Don’t know what to expect for sure, except the looming silence. It’s quiet every hour of the day in these woods. It’s a good place to reflect, but for the last fifteen years some part of my brain has always remained alert for a sound, a waking, or coughing, or laughing that might be a call – his presence could be heard.
When he goes off to college in two years, it isn’t the big events of our summers together I’ll miss most, the trips out west or down south or further north, it’s the knowledge that he was here, in my life on a daily basis and it’s the absence of those background sounds of him that comprise the silence into which I’m not nearly ready to go.
All advice welcome – now that you’ve done it twice.
oh, dear richard, you put it all so poetically perfectly…….my heart aches in communion with your keen seeing and hearing and knowing. “the absence of background sounds of him that comprise the silence….”
i am still only on the runway for Flight #2, now counting the days till liftoff. we have this week to savor, big and little brother side by side. the questions asked, the wisdom offered, from brother to brother. questions i’ve not been asked, because of course i wouldn’t have known the answers, barely would understand the root of the question itself.
i don’t know how it will be. i know the first time it took me weeks to re-map my brain, to come to understand the distance and my place in it. i sense this time, as has been everything with both boys’ childhoods, it will be different. and once again i will need time and breathing before i find my still point. i do know i find solace in the difference between six-hours-away and fourteen.

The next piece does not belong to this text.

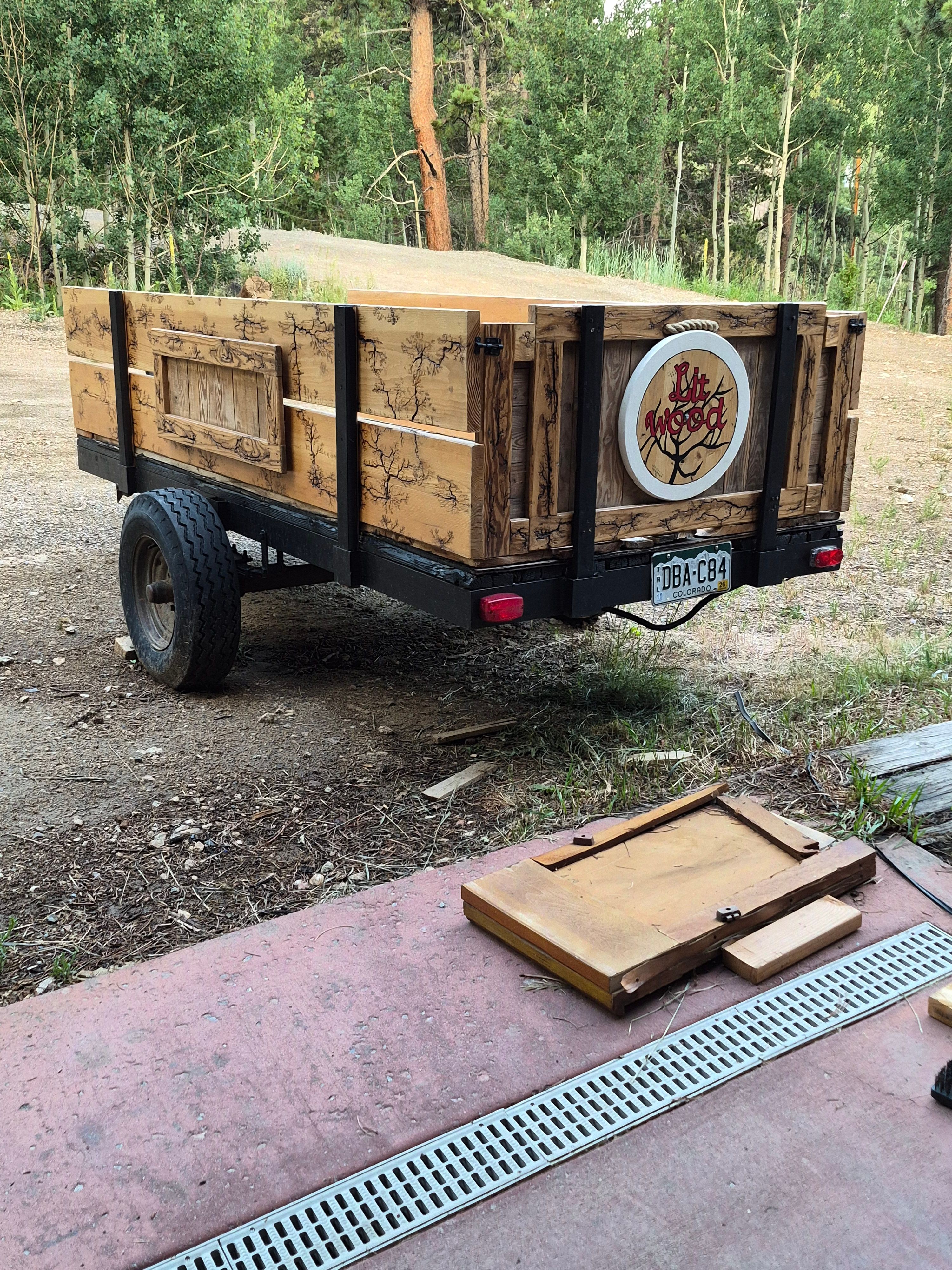 Wooden food cart with a logo of a tree, set outdoors with trees in the background, on a dirt ground.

all i know is that i have actively savored each day of this preamble year. i have loved all the ones my sweet boy calls his friends. i have cooked amply and often, i have not welcomed carpools and even the folding of laundry — all of it sacramental. all of it love lived…..
i’ll keep you posted. and i KNOW you are living this, all of this, with your whole glorious heart….
bless us all….(and thank you for bringing your glorious voice to this table….)
thank you for summoning it. I’ll continue to check in – and breath.